Storage requirements
A supported block storage class for shared storage, PostgreSQL and RabbitMQ volumes, and to store the license file.
Networking requirements
Your Kubernetes cluster can access the container image repository.
By default, Rockfish Data serves the container images from the Rockfish Data image repository at nexus.test.mostlylab.com. To deploy the images, your Kubernetes cluster needs to have Internet access.
If your internal IT policies require that you pull the images from an internal repository, ensure that your Kubernetes cluster has access to it. For more information, Configure an internal image repository.
Your Kubernetes cluster has network access to the defined storage classes and to the data sources (databases and cloud object storage providers) from which you want to pull original data.
Collaborate with your IT department and Customer Experience Engineer to configure an domain SSL certificate for your Kubernetes cluster and for the Rockfish Data Helm chart.
Access and permissions requirements
Your Kubernetes cluster user has permissions to read and write into the storage class.

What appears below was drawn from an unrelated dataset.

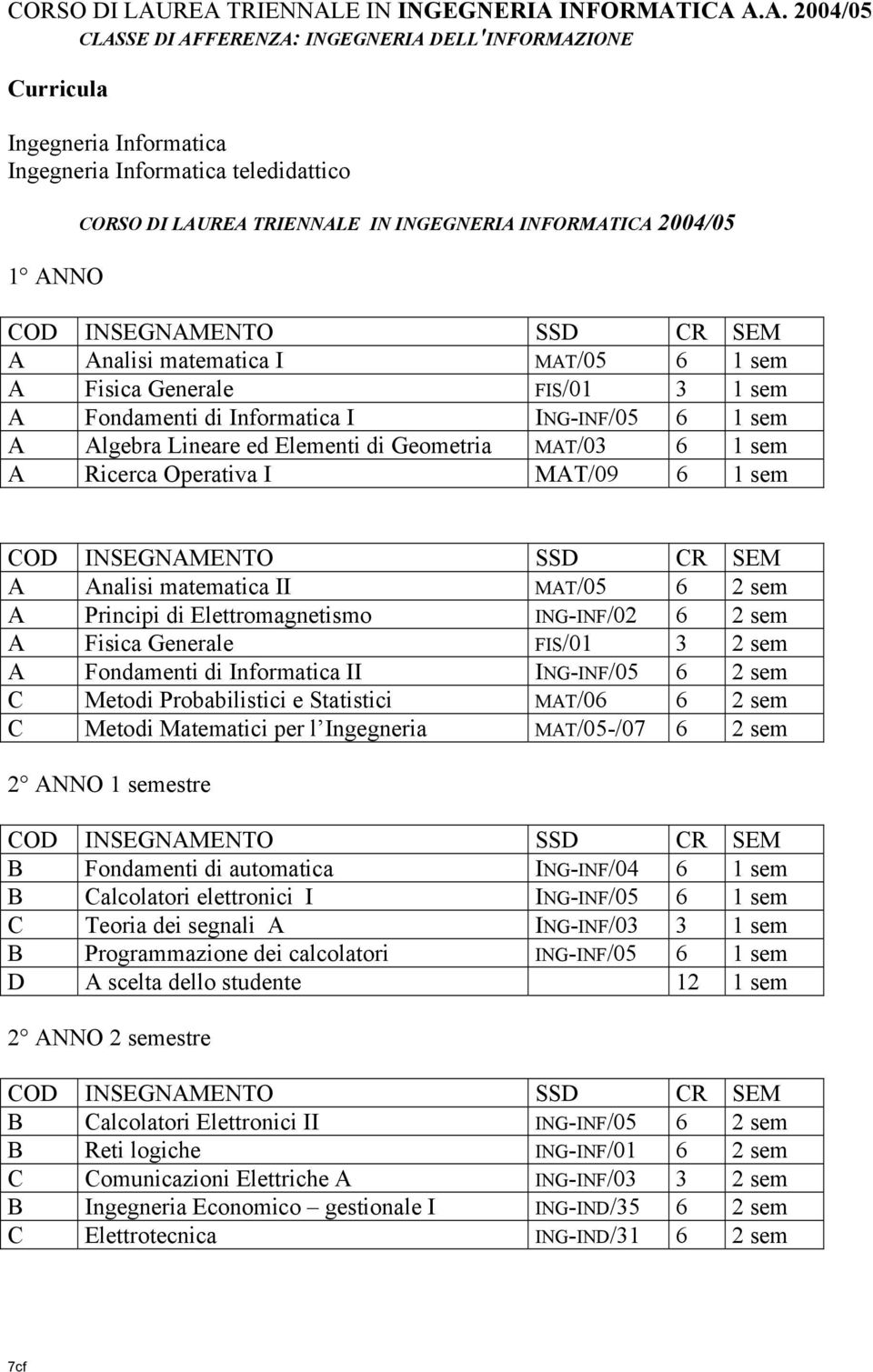 INGEGNERIA INFORMATICA 2004/05 A Analisi matematica I MAT/05 6 1 sem A Fisica Generale FIS/01 3 1 sem A Algebra Lineare ed Elementi di Geometria MAT/03 6 1 sem A Ricerca Operativa I MAT/09 6 1 sem A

On the AI worker nodes where Rockfish Data jobs run, you should have no taints
defined that might not allow pods to be created with the minimum and maximum resource requirements specified in the values.yaml for the engine. Otherwise, Rockfish Data jobs will fail to run.
If you already have taints on your worker nodes, you need to add tolerations on the Rockfish Data pods in the values.yaml file, under agent.tolerations and engine.tolerations.
values.yaml
...
tolerations:
# Replace with the actual key label of the taint
# For example: `Tainted-worker:NoSchedule`
- key: "Tainted-worker"
operator: "Exists"
effect: "NoSchedule"
...
On the AI worker nodes where Rockfish Data jobs run, make sure that no other pods belonging to other applications can run so as not to interfere with Rockfish Data workloads. You can apply taints
on nodes dedicated to Rockfish Data workloads so as to prevent other workloads from running. Verify that any resource quotas
created for your namespace allow Rockfish Data to successfully run worker nodes based on their requirements.
If you have specific username requirements to access databases or other resources, update the Helm chart values.yaml file. In specific cases, due to Oracle security policies you might need to allowlist container users in Oracle.
Other requirements
Disable any tools or service mesh services in the Rockfish Data namespace that intercept communications between pods and require manual approval to proceed. If you have enabled such services, such as Linkerd or Istio, Rockfish Data jobs might be prevented from starting and completing successfully.
Work with your IT team to enable backups of the PostgreSQL database.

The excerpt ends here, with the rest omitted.